Twitter Spam Detection using Pre-trained Model
Ankur Gupta1, Yogendra P.S. Maravi2, Nishchol Mishra3
1Ankur Gupta, School of Information Technology, RGPV, Bhopal, India.
2Yogendra P.S. Maravi, School of Information Technology, RGPV Bhopal, India.
3Nishchol Mishra, School of Information Technology, RGPV Bhopal, India.
Manuscript received on November 11, 2019. | Revised Manuscript received on November 20 2019. | Manuscript published on 30 November, 2019. | PP: 10520-10623 | Volume-8 Issue-4, November 2019. | Retrieval Number: D4228118419/2019©BEIESP | DOI: 10.35940/ijrte.D4228.118419
Open Access | Ethics and Policies | Cite | Mendeley | Indexing and Abstracting
© The Authors. Blue Eyes Intelligence Engineering and Sciences Publication (BEIESP). This is an open access article under the CC-BY-NC-ND license (http://creativecommons.org/licenses/by-nc-nd/4.0/)

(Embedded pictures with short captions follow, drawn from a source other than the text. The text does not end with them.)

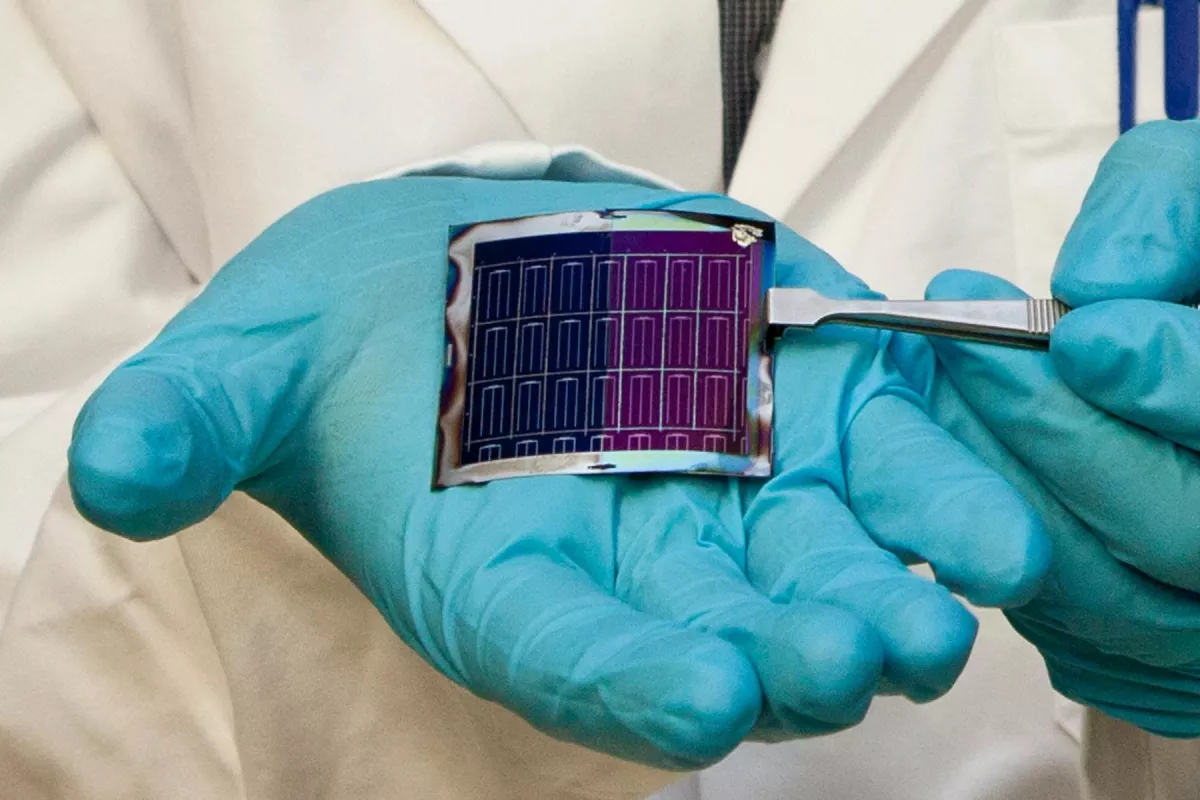 Une cellule solaire CZTS en laboratoire @Empa @Phys.org 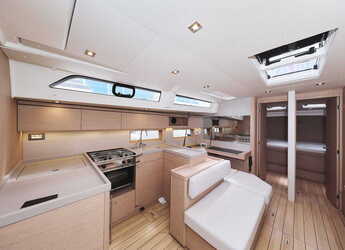 Noleggiare sailboat in Marina Tankerkomerc - Oceanis 51.1 - 5 + 1 cab.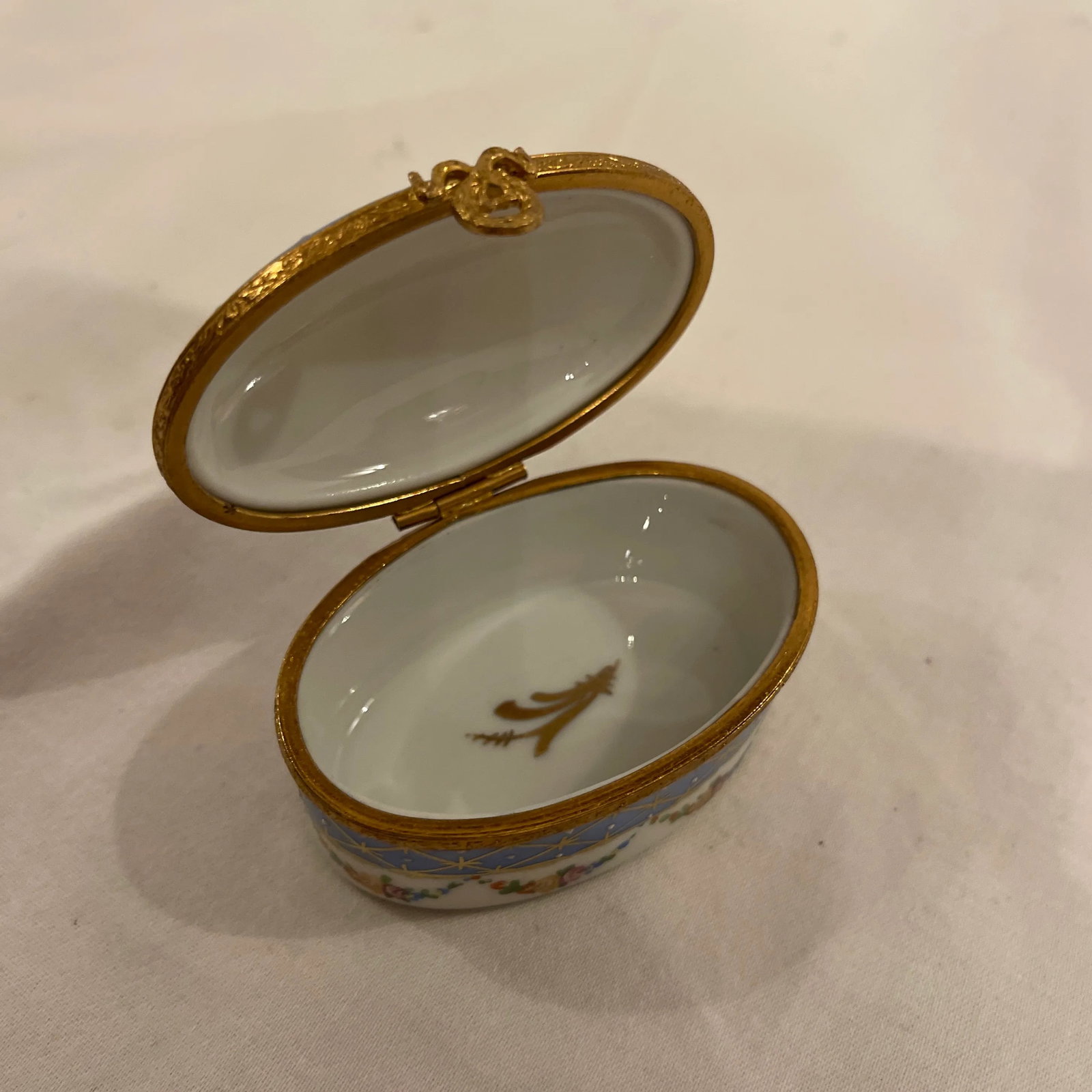 Mid 20th Century Limoges French Porcelain Box - 4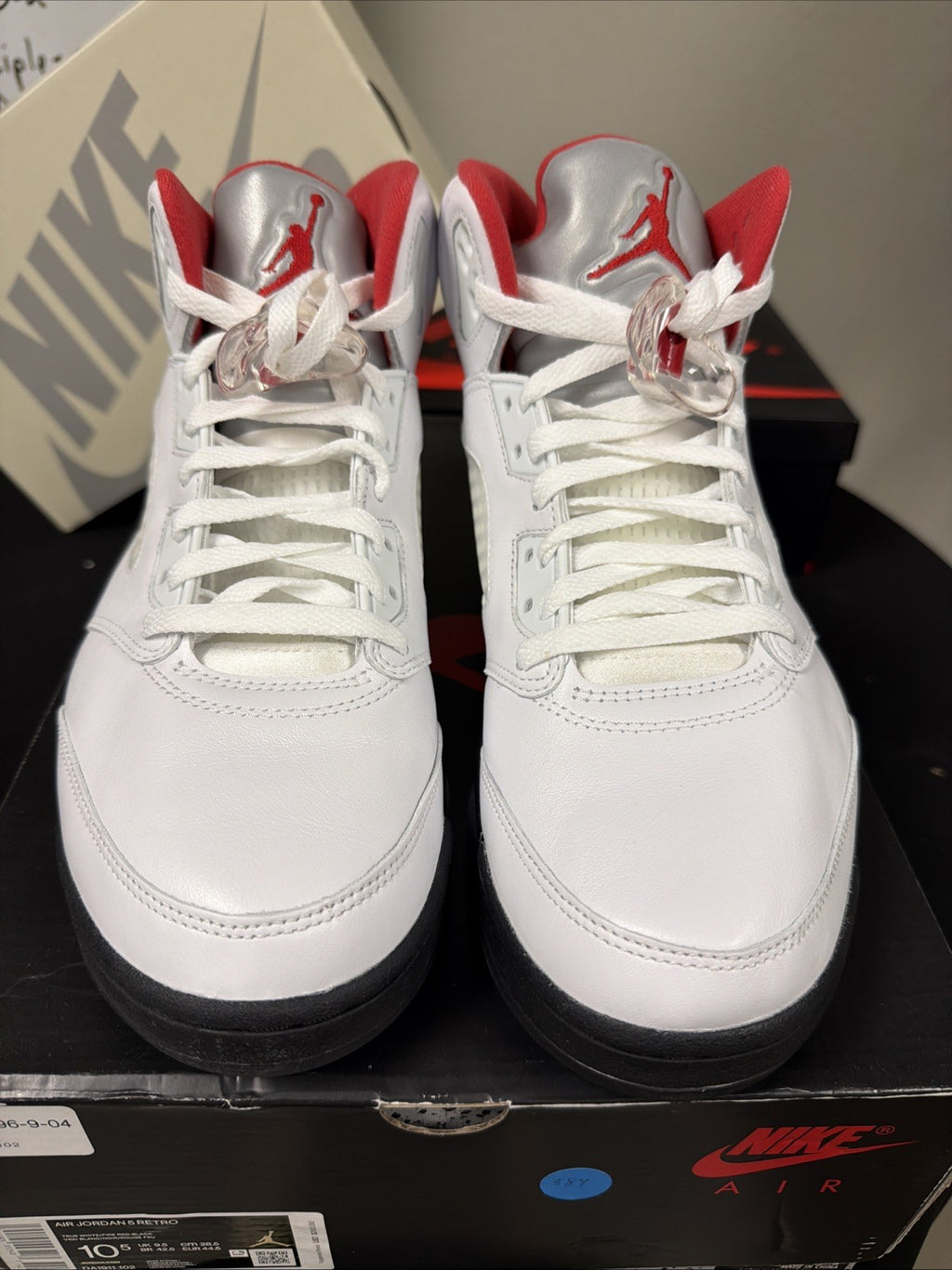 Air Jordan 5 Retro Mid Fire Red 10.5 with box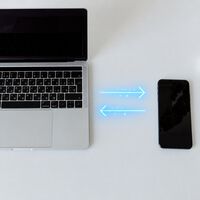 Cómo conectar el móvil al ordenador y todas sus posibilidades: con cable y de forma inalámbrica 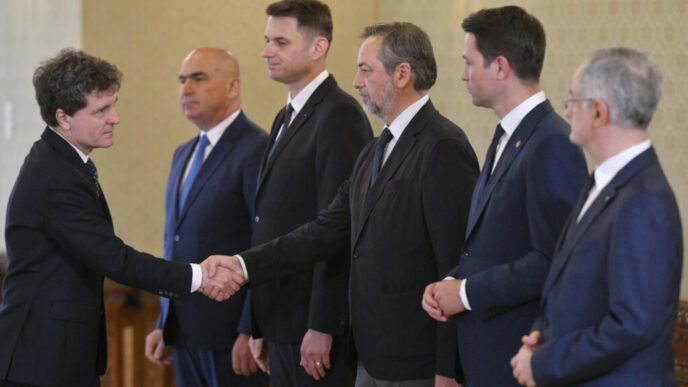 bolojan:-nicusor-dan-a-respins-propunerea-ca-siegfried-muresan-sa-fie-premier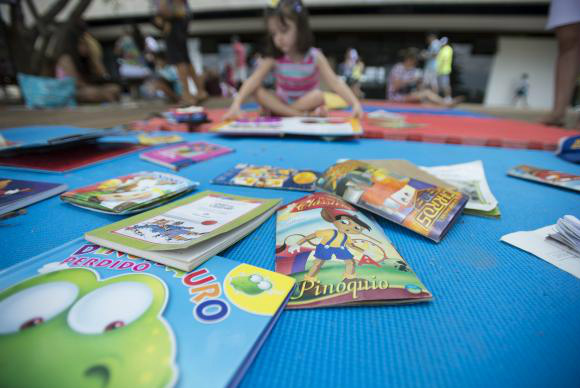 Feira de troca de livros e outras atrações marcam Dia da Criança em Brasília Feira de troca de livros infantis no Centro Cultural Banco do Brasil no Dia das Crianças (Foto: Marcelo Camargo/Agência Brasil)Marcelo Camargo/Agência Brasil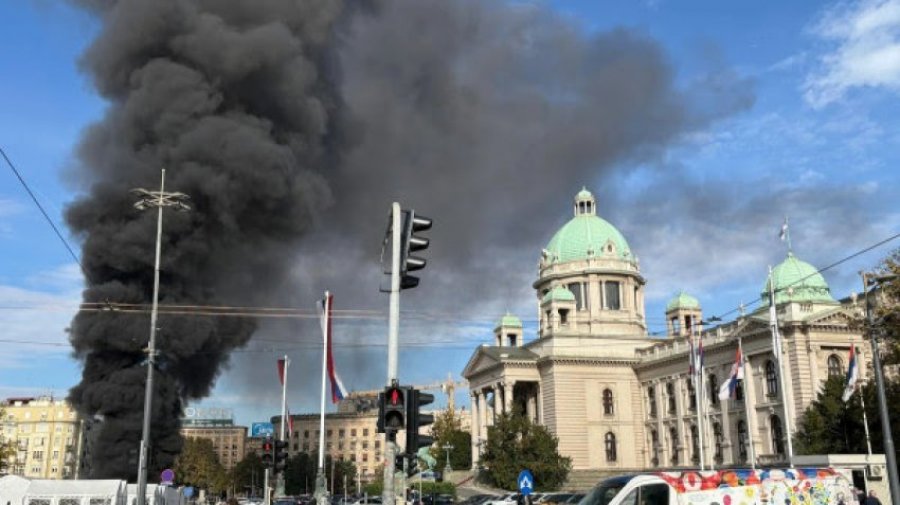 Stojkoviq akuzon regjimin e Vuçiq se qëndron prapa zjarrvënies para Parlamentit të Serbisë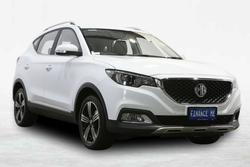 2023 MG ZST Essence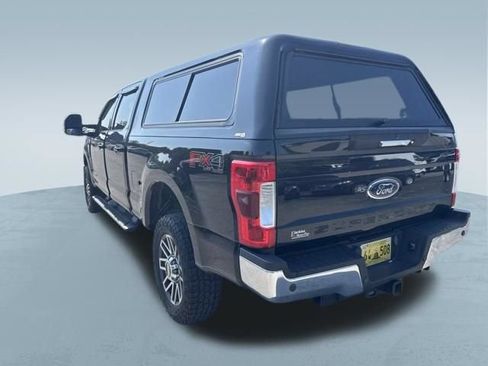 Used 2017 Ford F250 Lariat w/ Lariat Value Package AWD/4WD image 6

Abstract: In the age of technology social media platform is becoming a great companion for expressing the thoughts, information, and opinion. It became the powerful tool for every person who wants to expand their networks of people beyond the physical boundation. We are living at that age where various categories of social media platform available according to work needed, it may be Facebook, LinkedIn, WhatsApp or Twitter. We are focusing our work on Twitter, It is also known as microblogging site which provides service to express the opinion in limited words. As the popularity of twitter is growing day by day users are joining the platform very fast, as it happens another side many spammers are also taking undue advantages of this platform, for any social media platform it is very important to maintain the secure, safer and trustworthy environment for their legitimate users. Twitter spams are more harmful than e-mail spam because of their higher clickthrough rate, as in the social network if someone trusted some spam a genuine post than it is higher chance that the persons in the network might also trust on that spam post and may click on it. There are plenty of methods available to handle the task of twitter spam detection problem, we are solving this problem of twitter spam at tweet level.Pre-trained models are some breakthrough in the journey of machine learning and natural language processing after their advancement they are of great help. Here we are using Bidirectional Encoder Representation from Transformer (BERT) model to solve the problem as our task is to solve the problem of imbalance dataset as well as the multilingual dataset, BERT makes a clear distinction in this type of task, the main advantage of this type’s model is that we don’t have to collect millions of data for better performance of the machine learning model.
Keywords: Twitter, BERT, Spam Detection, Pre-Trained.
Scope of the Article: Internet of Things.